Dimensional built AVLV on decades of academic research showing that value stocks — those trading at low price-to-book, low price-to-earnings, and similar metrics — have historically delivered higher returns than growth stocks over long periods. The reason is not mysterious: cheap stocks are cheap because the market prices them for lower future returns, and if markets are at least partially efficient, that pricing error means cheap stocks are more likely to surprise to the upside than expensive ones. AVLV aims to capture that value premium by holding stocks that score low on valuation scales.

The fund’s approach is mechanical. A rules-based algorithm ranks large-cap companies by valuation metrics — primarily price-to-book ratio, with attention to earnings-based measures and asset turnover. Stocks that rank as cheap receive higher portfolio weights; expensive stocks are underweighted or excluded. This is not a quant fund trying to predict next quarter’s surprise; it is a systematic indexing approach that says: we will buy cheap, profitable large-cap companies and hold them until they become expensive, then sell them.
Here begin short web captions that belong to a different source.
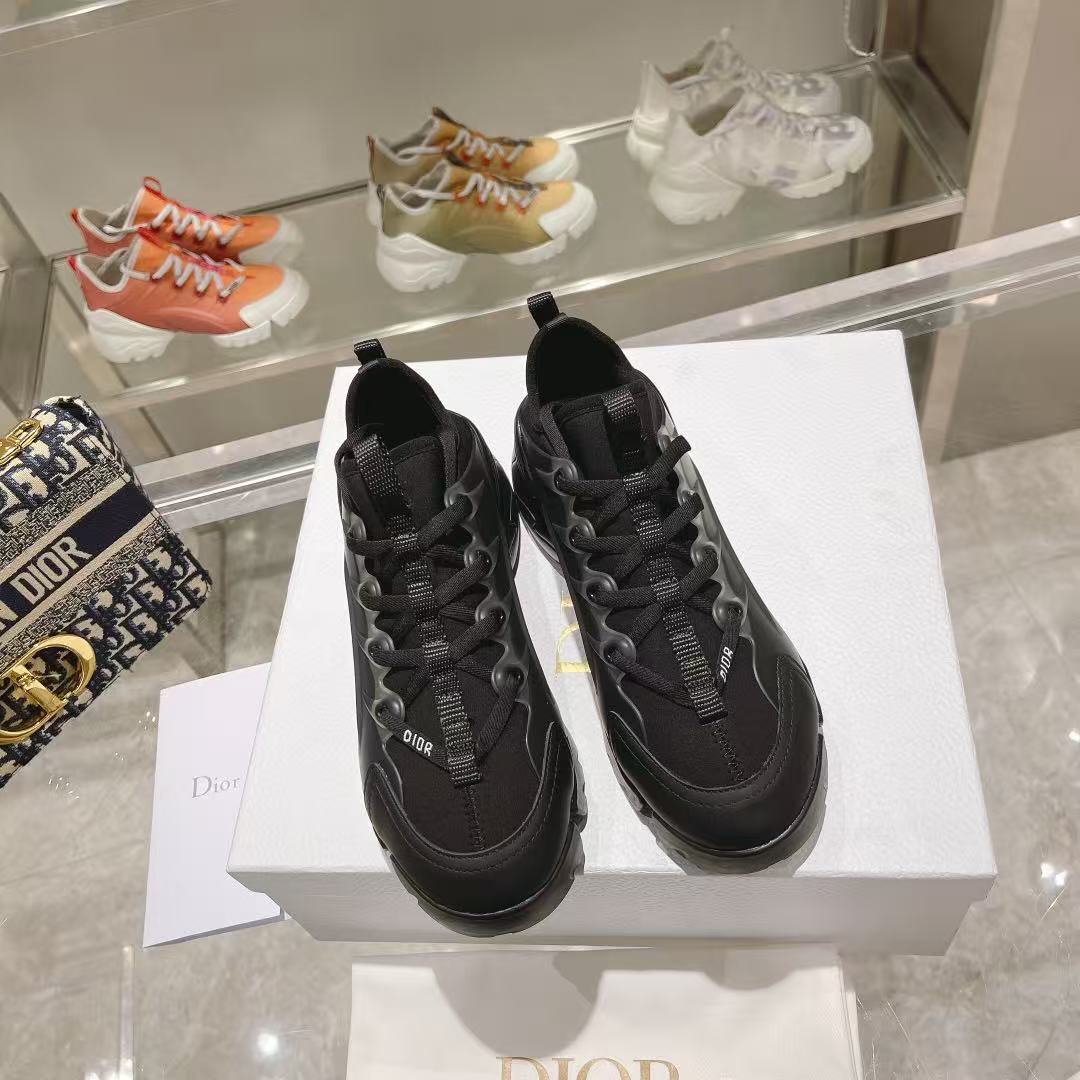 DIOR Sneakers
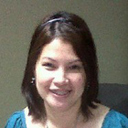 Desiree Castillo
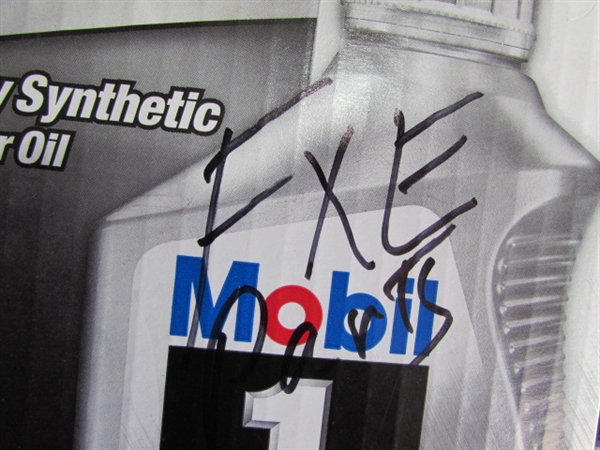MOTORCYCLE PARTS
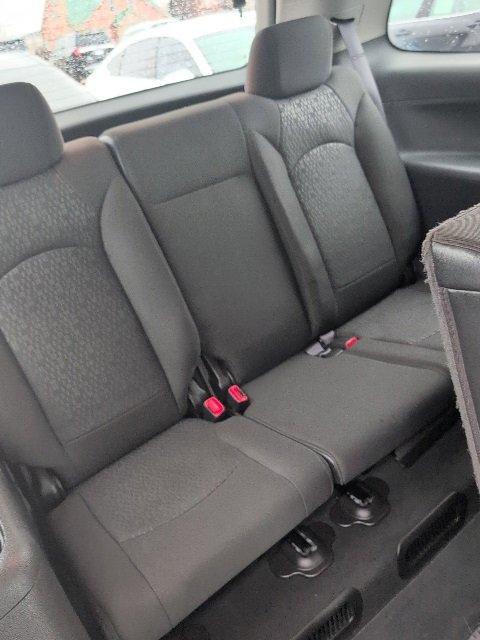 Used 2007 GMC Acadia SLE w/ Convenience Package image 30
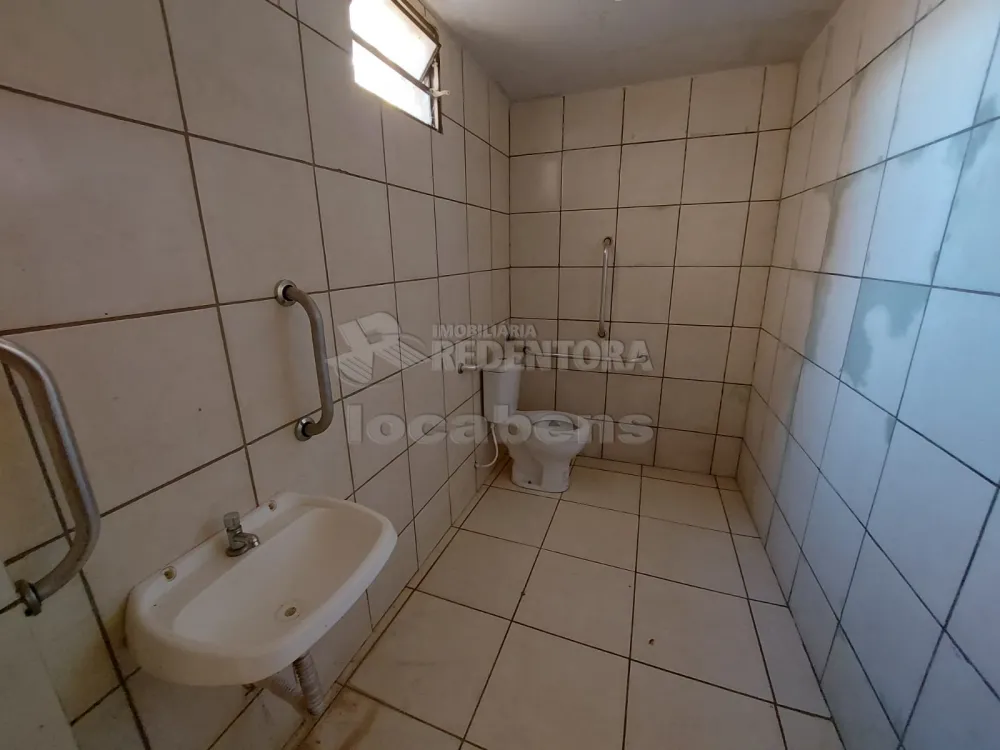 Prédio Inteiro, 156 m² - Foto 3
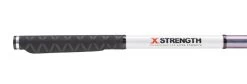 PENN Tidal XR Long Hybrid Lowrider Strandhengel 4.23m (50-200g) -Vissen Kortingswinkel edc2baa5132be6b5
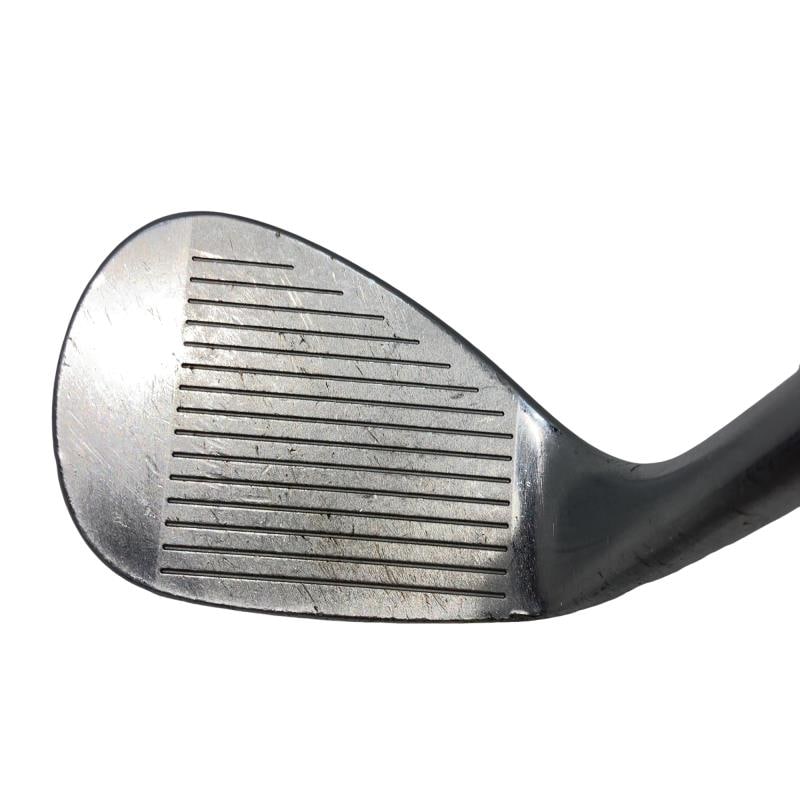 �q�l�|�P�Q�@�j�b�P���N�������b�L�@�T�W°�^�O�W°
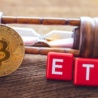 Chcete si o ETF Bitcoinu přeci jen přečíst? Doporučujeme: Rozhodnutí o ETF Bitcoinu přijde každým dnem. Tohle zatím víme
Rebalancing happens regularly, enforcing a discipline of buying what has fallen and selling what has risen — the opposite of momentum chasing.

The holdings are typically well-known large-cap names: banks, industrials, energy companies, consumer staples, and other sectors that often trade at modest valuations in the late stages of economic cycles or during periods when investor appetite shifts toward expensive growth. Financial institutions, utilities, real-estate-exposed stocks, and mature-industry manufacturers have historically dominated value portfolios because they tend to trade cheap and offer steady cash returns via dividends. AVLV’s largest holdings shift with valuation cycles, but the fund will always tilt toward the businesses that are less fashionable and less expensive.
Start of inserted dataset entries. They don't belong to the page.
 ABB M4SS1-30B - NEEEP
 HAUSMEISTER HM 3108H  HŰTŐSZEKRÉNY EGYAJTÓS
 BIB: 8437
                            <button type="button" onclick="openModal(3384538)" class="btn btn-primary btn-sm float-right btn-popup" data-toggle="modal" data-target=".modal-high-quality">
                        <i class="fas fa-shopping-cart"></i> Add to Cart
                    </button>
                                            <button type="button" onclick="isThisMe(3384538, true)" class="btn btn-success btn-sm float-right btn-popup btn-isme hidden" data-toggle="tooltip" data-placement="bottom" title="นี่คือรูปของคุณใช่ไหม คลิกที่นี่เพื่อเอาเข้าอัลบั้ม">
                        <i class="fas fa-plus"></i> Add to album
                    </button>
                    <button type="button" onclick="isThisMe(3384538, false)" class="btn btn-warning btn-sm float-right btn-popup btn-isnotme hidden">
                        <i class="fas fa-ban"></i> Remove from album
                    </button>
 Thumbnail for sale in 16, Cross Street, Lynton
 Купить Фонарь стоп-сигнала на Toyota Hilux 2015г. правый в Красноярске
This creates a performance pattern that can test investor patience. During rallies where growth and technology stocks soar, AVLV often lags — it is holding the unfashionable sectors that did not participate in the rally. Over full market cycles, however, the historical pattern suggests that cheap stocks compound wealth faster than expensive ones, which is why value investors tolerate the periods of underperformance. The question for any investor is whether they believe that historical relationship will persist in a world where passive index investing has changed how capital flows through markets.
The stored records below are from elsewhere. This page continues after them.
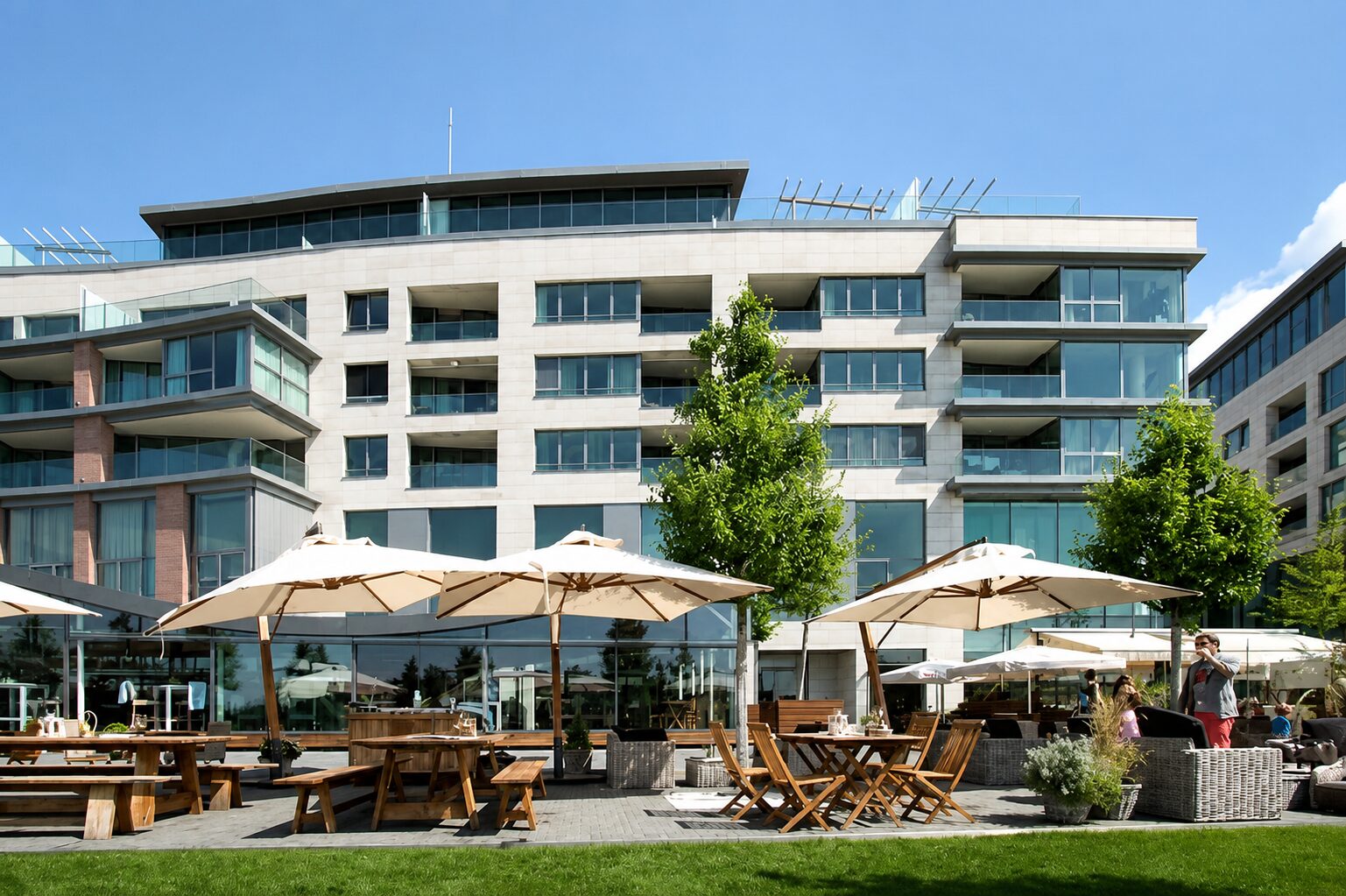 Property Featured Image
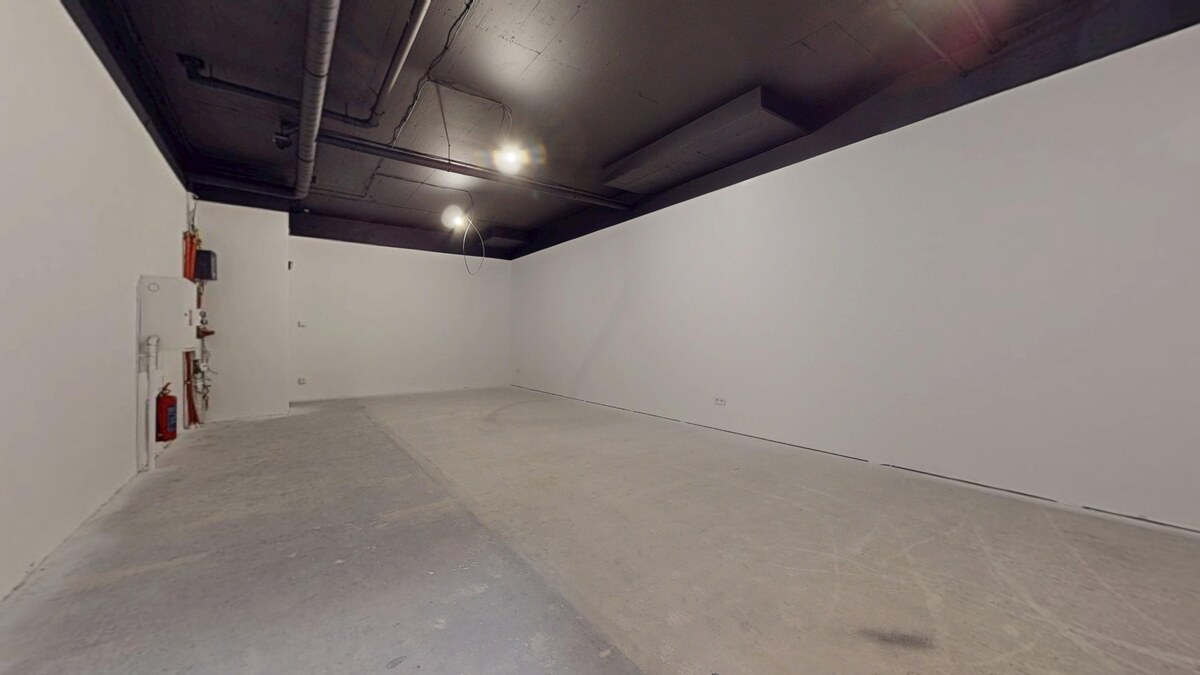 PRIESTOR 60 m² | JARABINKY – RUŽINOV | SKLAD / E-SHOP / VÝDAJNÉ MIESTO — foto 5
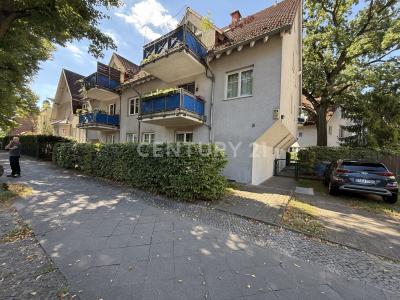 Berlin, Andalucia 13127, Almanya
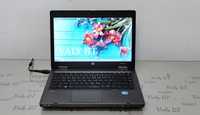 Laptop core i5 - Hp ProBook 6470b - instalat functional perfect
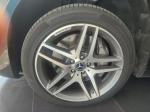 mercedes-benz-classe-s-2017-diesel-2925cc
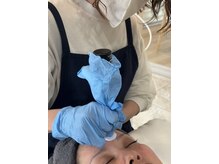 ティンクルホワイト 橿原店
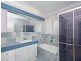 210 Upper Lyndale Street, Shailer Park QLD 4128
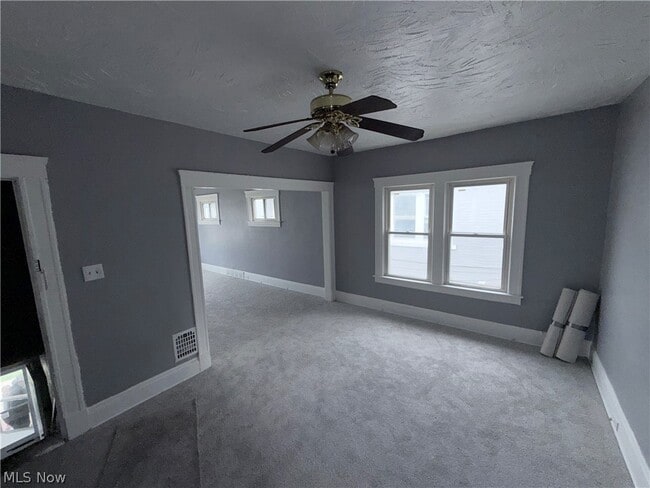 1758 Alcoy Rd Unit Up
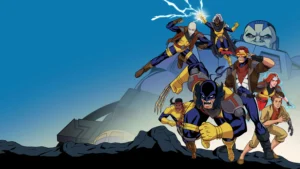 Leia mais sobre o artigo X-Men ’97 conseguiu superar a própria primeira temporada: a lição de revival que respeita o material original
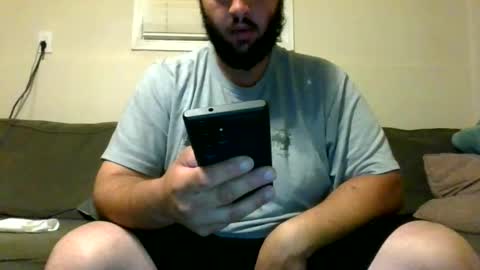 Uncut Rod online show from September 29, 10:24 am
The expense ratio is lean, reflecting automation and no active management. Trading costs are controlled by predictable rebalancing, and the fund’s large size means good liquidity — shares can be bought and sold easily at tight spreads. Dividend yield from the value stocks held in AVLV is typically higher than the dividend yield of the broader market, because profitable, mature companies usually pay more back to shareholders as dividends than high-growth firms do.

The fund is fully exposed to U.S. equity market risk and concentrated in domestic-only opportunity; it captures no international diversification and no hedging for U.S.-specific risks like regulatory shocks or recession. A severe bear market in U.S. equities would hurt AVLV along with all equity portfolios. Additionally, if the value premium that has worked historically somehow reverses or disappears, AVLV would underperform a simple market-cap index for years.

For an investor, AVLV makes sense as a core U.S. equity holding, particularly for those with a long time horizon and confidence in the historical tendency of value to outperform. Those uncomfortable with periods of underperformance, or those convinced that growth stocks offer better long-term prospects, should consider a market-cap-weighted index fund instead. The prospectus and fact sheet reveal the exact selection methodology, and examining the fund’s recent returns during various market cycles (especially during technology rallies and value downturns) gives a sense of how much volatility an investor would need to tolerate.